Keywords: development, endocrine disruption, fathead minnow, perchlorate, thyroid, thyroxine, triiodothyronine
In recent years there has been increasing concern about the presence of perchlorate in ground and surface waters and the percolation of perchlorate into drinking waters [Urbansky 1998; U.S. Environmental Protection Agency (EPA) 2002]. Ground and surface waters in several U.S. states have shown measurable concentrations of perchlorate at 8 μg/L to 3.7 g/L (Urbansky 1998). The major source of ground and surface water contamination is ammonium perchlorate, the primary ingredient of the solid propellant in rockets and missiles (Logan 2001; U.S. EPA 2002). Perchlorate salts are also used in smaller amounts as components of air bag inflators, road flares, and fireworks; in electroplating and in tanning and finishing leathers; and as mordants for fabrics and in producing paints and enamels (Logan 2001; U.S. EPA 2002. Discharge from rocket fuel manufacturing plants, demilitarization of weapons, and the washing out and refueling of rockets are responsible for most of the ammonium perchlorate released into the environment (Urbansky 1998; U.S. EPA 2002). Indeed, at the Longhorn Army Ammunition Plant in Texas (USA), perchlorate has been measured at 30–31 mg/L in a water treatment holding pond (Smith et al. 2001).

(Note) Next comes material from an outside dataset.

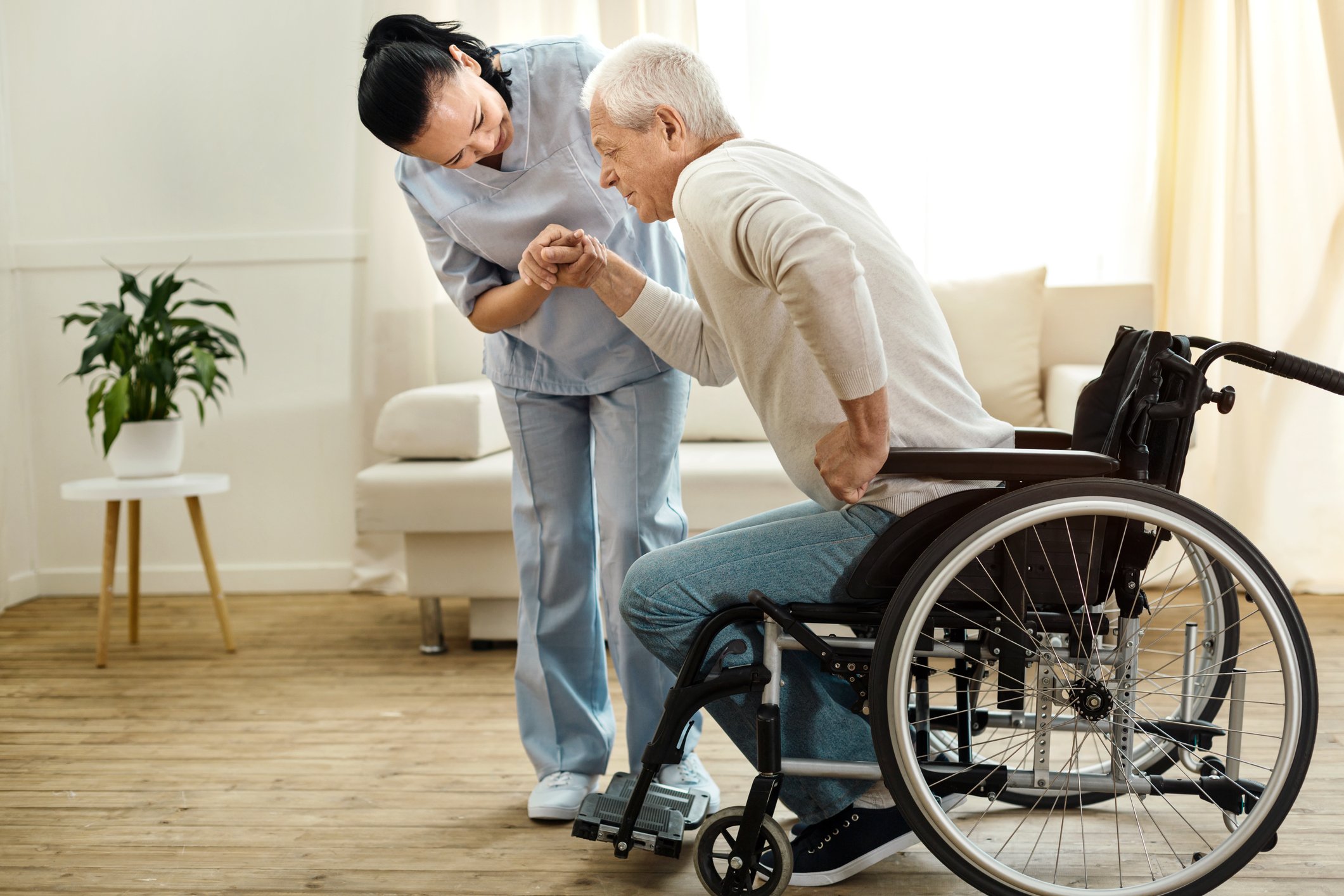 Woman in scrubs helping senior man out of wheelchair.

Perchlorate has several chemical properties that make environmental contamination difficult to resolve and decontamination difficult to achieve (Logan 2001). The perchlorate anion is persistent because of its tetrahedral structure (Wolff 1998). Perchlorate salts completely ionize in solution, and the perchlorate anion is highly mobile (Logan 2001). As a result of these properties, groundwater contamination inevitably presents a risk to drinking water quality, and perchlorate has been detected in many drinking water supplies. In Nevada, 4–24 μg/L was detected in drinking water (Xiao et al. 2001), and in California a number of drinking water wells showed peaks of 4–820 μg/L (California Department of Health Services 2004). As a result, the U.S. EPA has estimated that perchlorate affects the quality of drinking water for 15 million people in the United States (Logan 2001).

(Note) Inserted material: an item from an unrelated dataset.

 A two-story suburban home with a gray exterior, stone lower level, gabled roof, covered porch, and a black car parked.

Based on U.S. EPA guidance, and assessment of toxicity data, several U.S. states have set advisory levels for perchlorate in drinking water that vary between 1 and 18 μg/L. The most recent reappraisal in California set a public heath goal for drinking water (maximum contaminant level) of 6 μg/L (Office of Environmental Health Hazard Assessment 2004).
There is a long history of clinical use of perchlorate as a pharmacologic inhibitor of thyroid hormone synthesis (Hobson 1961; Wolff 1998). Thyroid gland follicles trap iodide required for the iodination of tyrosine molecules. The resulting iodothyronines are then reversibly combined with the storage protein, thyroglobulin, within the lumen of each of the thyroid follicles (Leatherland 1988, 1993). Perchlorate competitively inhibits iodide uptake by the sodium/iodide symporter at the basolateral membrane of the follicles (Capen 1997; Wolff 1998) and induces iodide efflux from the follicles by an as yet unexplained mechanism (Wolff 1998). These pharmacologic actions might be predicted to reduce circulating levels of thyroid hormones, and several studies in mammals given drinking water containing perchlorate at target doses of 0.01–100 mg/kg/day support this idea (Siglin et al. 2000; York et al. 2001a). However, this has not been observed in all studies (York et al. 2001b).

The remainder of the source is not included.